== Work order ==
Lines after the one containing "EM304 Three-seat sofa" are to be omitted; print exactly each line from the start of the records up to and including it.

(Source material Opens)

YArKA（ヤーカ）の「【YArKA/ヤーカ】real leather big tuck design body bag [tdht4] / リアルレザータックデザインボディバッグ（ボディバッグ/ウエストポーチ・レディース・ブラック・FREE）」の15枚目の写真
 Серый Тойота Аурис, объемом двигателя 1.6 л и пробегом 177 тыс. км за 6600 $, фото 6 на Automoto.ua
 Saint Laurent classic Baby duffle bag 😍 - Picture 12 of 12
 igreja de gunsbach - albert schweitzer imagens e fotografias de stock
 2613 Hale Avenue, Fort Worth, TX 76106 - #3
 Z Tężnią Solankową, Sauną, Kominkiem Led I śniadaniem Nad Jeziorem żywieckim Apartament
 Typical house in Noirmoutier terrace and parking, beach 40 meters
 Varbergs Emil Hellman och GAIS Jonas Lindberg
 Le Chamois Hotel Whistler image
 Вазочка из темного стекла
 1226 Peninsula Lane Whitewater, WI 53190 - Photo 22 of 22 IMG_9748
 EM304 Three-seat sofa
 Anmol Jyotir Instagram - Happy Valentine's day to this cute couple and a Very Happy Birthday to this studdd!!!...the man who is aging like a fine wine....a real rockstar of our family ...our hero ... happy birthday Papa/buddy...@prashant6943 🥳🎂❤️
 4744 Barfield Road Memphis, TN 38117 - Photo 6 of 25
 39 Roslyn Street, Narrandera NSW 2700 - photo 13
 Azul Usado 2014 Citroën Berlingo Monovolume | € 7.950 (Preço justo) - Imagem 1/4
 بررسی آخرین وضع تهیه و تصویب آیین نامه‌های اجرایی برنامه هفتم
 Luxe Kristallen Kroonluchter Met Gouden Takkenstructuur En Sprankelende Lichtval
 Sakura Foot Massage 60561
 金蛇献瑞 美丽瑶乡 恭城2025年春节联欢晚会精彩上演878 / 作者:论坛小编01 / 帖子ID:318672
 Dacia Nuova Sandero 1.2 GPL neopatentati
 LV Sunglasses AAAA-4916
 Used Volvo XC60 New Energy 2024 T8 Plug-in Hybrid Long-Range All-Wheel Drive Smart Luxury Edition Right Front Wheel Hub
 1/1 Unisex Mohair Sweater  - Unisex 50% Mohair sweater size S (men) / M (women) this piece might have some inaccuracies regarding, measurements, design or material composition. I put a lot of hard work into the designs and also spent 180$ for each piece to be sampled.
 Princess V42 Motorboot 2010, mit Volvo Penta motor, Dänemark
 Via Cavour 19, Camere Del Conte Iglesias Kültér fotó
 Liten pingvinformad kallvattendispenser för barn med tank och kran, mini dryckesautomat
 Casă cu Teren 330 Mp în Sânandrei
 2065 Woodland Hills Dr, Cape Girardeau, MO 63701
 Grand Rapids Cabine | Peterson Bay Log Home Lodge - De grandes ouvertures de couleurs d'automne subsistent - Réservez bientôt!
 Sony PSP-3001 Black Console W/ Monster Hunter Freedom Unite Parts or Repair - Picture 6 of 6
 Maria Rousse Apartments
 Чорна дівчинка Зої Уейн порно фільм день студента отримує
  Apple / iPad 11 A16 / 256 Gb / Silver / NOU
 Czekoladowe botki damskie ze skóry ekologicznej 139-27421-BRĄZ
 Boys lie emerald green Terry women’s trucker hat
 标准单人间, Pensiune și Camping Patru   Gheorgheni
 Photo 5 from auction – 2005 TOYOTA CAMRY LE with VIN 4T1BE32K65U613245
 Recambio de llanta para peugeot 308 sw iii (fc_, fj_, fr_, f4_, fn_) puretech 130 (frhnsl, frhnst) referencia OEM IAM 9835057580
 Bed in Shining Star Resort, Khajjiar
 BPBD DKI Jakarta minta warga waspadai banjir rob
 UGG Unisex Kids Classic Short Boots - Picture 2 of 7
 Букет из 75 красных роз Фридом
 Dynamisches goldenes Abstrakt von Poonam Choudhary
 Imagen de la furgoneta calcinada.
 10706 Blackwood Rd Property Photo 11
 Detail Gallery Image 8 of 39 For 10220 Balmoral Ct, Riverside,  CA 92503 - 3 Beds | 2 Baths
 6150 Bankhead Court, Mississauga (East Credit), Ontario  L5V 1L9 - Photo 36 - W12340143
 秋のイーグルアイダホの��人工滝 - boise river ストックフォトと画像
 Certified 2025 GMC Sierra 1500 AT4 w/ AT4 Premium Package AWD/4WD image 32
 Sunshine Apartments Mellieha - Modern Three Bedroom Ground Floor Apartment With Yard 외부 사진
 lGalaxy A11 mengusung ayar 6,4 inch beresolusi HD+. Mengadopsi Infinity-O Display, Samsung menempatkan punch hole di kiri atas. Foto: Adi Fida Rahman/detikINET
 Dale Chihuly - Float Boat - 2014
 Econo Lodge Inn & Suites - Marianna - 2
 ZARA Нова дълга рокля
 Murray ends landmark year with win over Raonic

(Source material Closes)

== Output of the exercise ==
YArKA（ヤーカ）の「【YArKA/ヤーカ】real leather big tuck design body bag [tdht4] / リアルレザータックデザインボディバッグ（ボディバッグ/ウエストポーチ・レディース・ブラック・FREE）」の15枚目の写真
 Серый Тойота Аурис, объемом двигателя 1.6 л и пробегом 177 тыс. км за 6600 $, фото 6 на Automoto.ua
 Saint Laurent classic Baby duffle bag 😍 - Picture 12 of 12
 igreja de gunsbach - albert schweitzer imagens e fotografias de stock
 2613 Hale Avenue, Fort Worth, TX 76106 - #3
 Z Tężnią Solankową, Sauną, Kominkiem Led I śniadaniem Nad Jeziorem żywieckim Apartament
 Typical house in Noirmoutier terrace and parking, beach 40 meters
 Varbergs Emil Hellman och GAIS Jonas Lindberg
 Le Chamois Hotel Whistler image
 Вазочка из темного стекла
 1226 Peninsula Lane Whitewater, WI 53190 - Photo 22 of 22 IMG_9748
 EM304 Three-seat sofa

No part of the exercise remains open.